Brian Poole was a staff member of Coleg Powys. His teaching career, which began in 1967, rising to Assistant Principal, within the Agricultural Department of the then Montgomery College took him to many farms within every parish in Powys. He retired in 1996 and in 1998 he was asked to research the reason for a Heavy Conversion Unit Halifax crash at Bwlch-y-ffridd. This honed the skills of archive research and of recording the recollections of local people and the family of the crew; as a result, Down in Aberhafesp was published. The same technique was used to revise the story of the Mawddwy, Van and Kerry branches and now two volumes on the Clwyedog have been completed entitled Cement to Llanidloes and Concrete in Clwyedog. He is now working on the history of the Montgomeryshire bus companies.
Reginald Massey, journalist, broadcaster and film maker has written for The Times and The Guardian and specialist magazines such as The Dancing Times and The Stage. He is the author of several books the latest of which is a collection of short stories. He has an MA in English Literature and is an FRSA and Member of the Society of Authors. He and his actress wife Jamila Massey moved to Llanidloes over 15 years ago. His website:www.reginaldmassey.co.uk
Peter Dean was born in London although his family have lived in Llanyre for 400 years. With diplomas in Public Administration from the Chartered Institute of Secretaries and sociology from the University of Keele, he has spent most of his life working in the voluntary sector with special interests in culture and the arts and was awarded a life fellowship of the Royal Society of Arts for services to the development of three regional arts associations. After a 2-year break in the mid 1970s when he bought and ran the Mid-Wales Inn in Pantydwr, he returned to the voluntary sector to work for the Centre for International Affaires in Cardiff, to fund raise for UNICEF’s the Year of the Child for the children in Lesotho in S. Africa raising £120,000 in the process, and to head up the Year of the Disabled Appeal, which he left prematurely in 1980 to become the director of Powys Rural Council. Now retired, he lives in Mid Wales, contentedly tending his garden.

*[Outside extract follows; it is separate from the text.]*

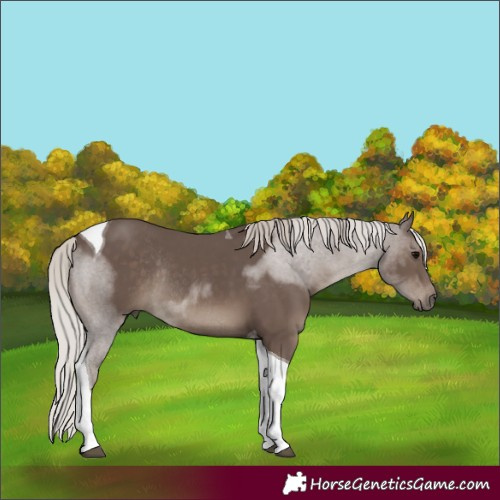 Horse Color:Silver Black Tobiano Rabicano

Norma Allen is a native of Llandrindod Wells, although her mother’s family came from Llanidloes. She worked at a special needs teacher in England for many years and has now returned to Wales on her retirement, to Llandinam, where she has lived for the past three years. A love of writing has drawn her to study for an MA in Creative Writing at Aberystwyth. Her Grandfather was a lamplighter in Llanidloes and this is what has inspired her story.
August Mullen
Nothing is known about Mr. Mullen except the facts at hand…
Dr. David Stephenson is an authority on Welsh Medieval History. With books published in all leading Welsh history journals, he came to Wales from Oxford University and Cambridge and he is now Honorary Research Fellow in Welsh History at the University of Wales, Bangor.

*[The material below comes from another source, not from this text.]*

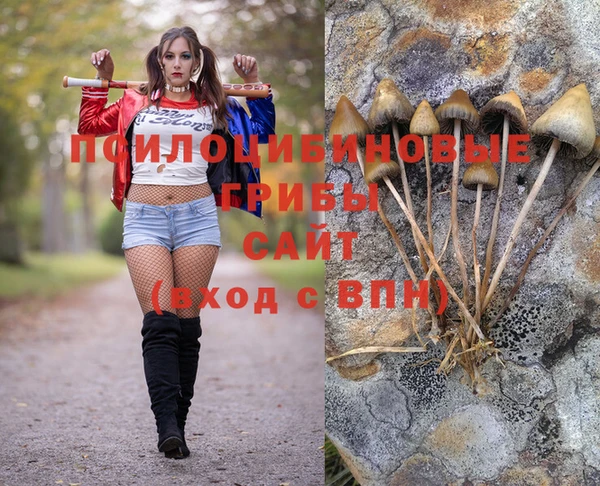 гидра Абдулино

Tyler Keevil is a Canadian who lives currently in Llanidloes. A published writer and winner of several awards, he is about to attend Aberystwyth’s Creative Writing MA programme.
Maus, Matt, a practising lycanthrope, is approaching, (from the wrong side), the latter stages of his early middle age. His hobbies include addition, freshwater drinking and collecting letters.

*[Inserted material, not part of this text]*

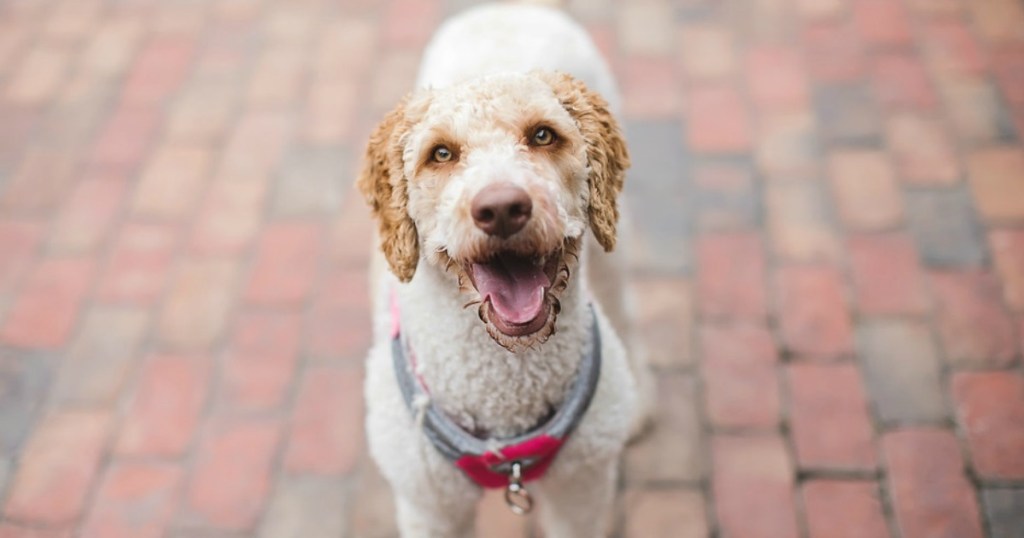 dog with red collar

The Editor. Gay Roberts is an experienced writer and editor, who came to Mid-Wales in 1972 and has resented leaving it ever since. A “Jill-of-all-trades” (a butterfly mind really), she writes articles and the occasional booklet but nothing longer because she can’t be bothered to spin her ideas out to book length. PenCambria is full of things she likes to read about and she hopes you do too.